With the Kickstarter campaign, you may also get customers who just think it's cool to own a supercomputer, but when they realize they can't run Crysis on it, they may be disappointed.
So: you can get large amounts of performance with simple architecture, but only for some problems, with graphics not being in set of these problems.
- not simple SIMD. NVIDIA calls it SIMT (single instruction multiple thread), mostly since you can branch a subset of them, so for the programmer it does feel somewhat like threads.
- not just optimized for Graphics anymore. E.g. since Fermi, the Tesla cards have DP performance = 50% of SP - which has been specifically introduced for HPC purposes. They have also constantly improved the schedulers to go more into general purpose computing, e.g. Kepler 2 seems to support arbitrary call graphs on the device. Again, that's useless for graphics.
- suitable for pretty much all stencil computations. Even for heavily bandwidth bounded problems GPUs are generally ahead of CPUs since they have very high memory bandwidth. The performance estimate I use for my master thesis comes out at 5x for Fermi over six core Westmere Xeon for bandwidth bounded and 7.5x for computationally bounded problems.
HPC is all about performance per dollar, performance per watt - and (sadly) sometimes linpack results because some institution wants to be in the top of some arbitrary list. In all of these aspects GPUs come out ahead of x86, which has been very dominant since the 90ies. Which is why GPUs are now in 4 of the top 20 systems - each of those are hundreds of millions of dollars in investments. That wouldn't be done if they weren't suitable for most computational problems.

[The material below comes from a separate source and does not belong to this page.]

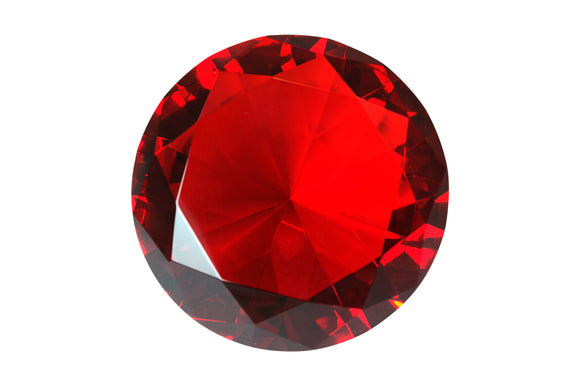 Tripact 80 mm Ruby Red Diamond Shaped Jewel Crystal Paperweight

And as for SIMD/SIMT, I mentioned SIMD mostly in relation to operations on short vectors done by one thread, which is mostly irrelevant to overall architecture of the core, as it can very well be implemented by pure combinational logic in one cycle given enough space. My mental model of how modern GPU core (physical, not logical) actually works is essentially some kind of simplistic RISC/VLIW design with large amounts of registers with compiler and or hardware interleaving instructions of multiple threads into one pipeline, which may or may not be how it actually works but it looks probable to me.
In my opinion most of chips like Epiphany IV or XMOS or whatever, in contrast to GPUs, are useful for only limited classes of workloads as they tend to be memory starved.
Here's a simple test.
Suppose that I give you these two measurements:
SPECmark: 1.2 million.
SPECmark: 3 million.
Which one is the supercomputer? Without knowing the date, there's simply no way for you to tell.
Suppose instead I write:
System cost: $20 million 1990 dollars
System cost: $400 1990 dollars
Which one is the supercomputer? I think most people will be able to pick which one is which.
The major difficulty with your second list is that expensive computers don't need to be high performance. Consider the computers that go into satellites and spacecraft. They are extremely expensive, but not high performing.